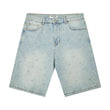Gemstone Denim Jorts - Washed Blue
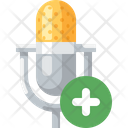 Add Microphone Icon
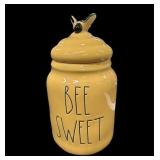 RAE DUNN BEE SWEET CANISTER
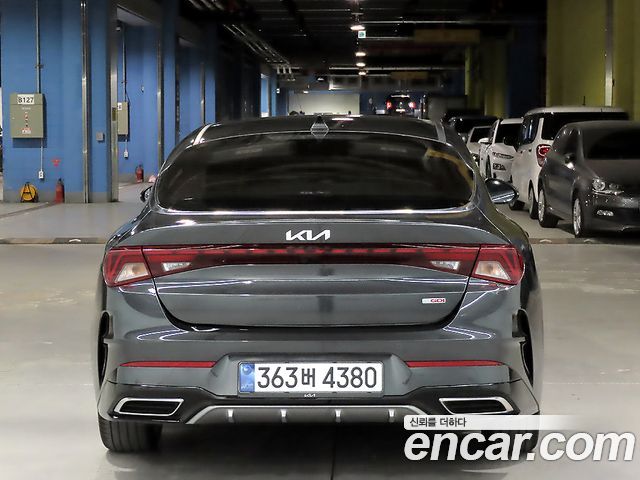 Kia K5 из Кореи Encar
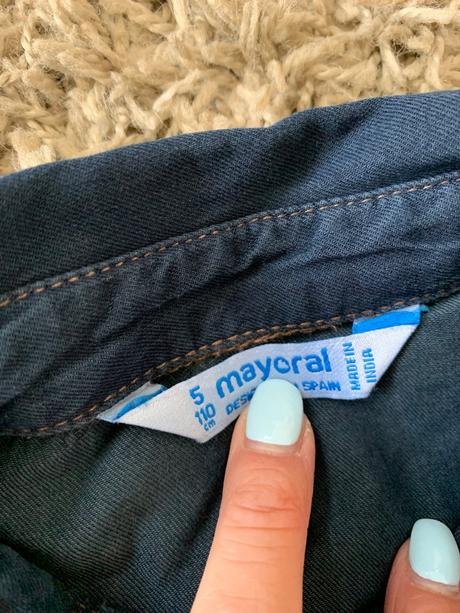 Košeľa, mayoral,110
==========
▸ **WHAT IS NEEDED**
Reproduce the data above word for word, but leave the images out.

▸ **ANSWER BOX**
Gemstone Denim Jorts - Washed Blue
 Add Microphone Icon
 RAE DUNN BEE SWEET CANISTER
 Kia K5 из Кореи Encar
 Košeľa, mayoral,110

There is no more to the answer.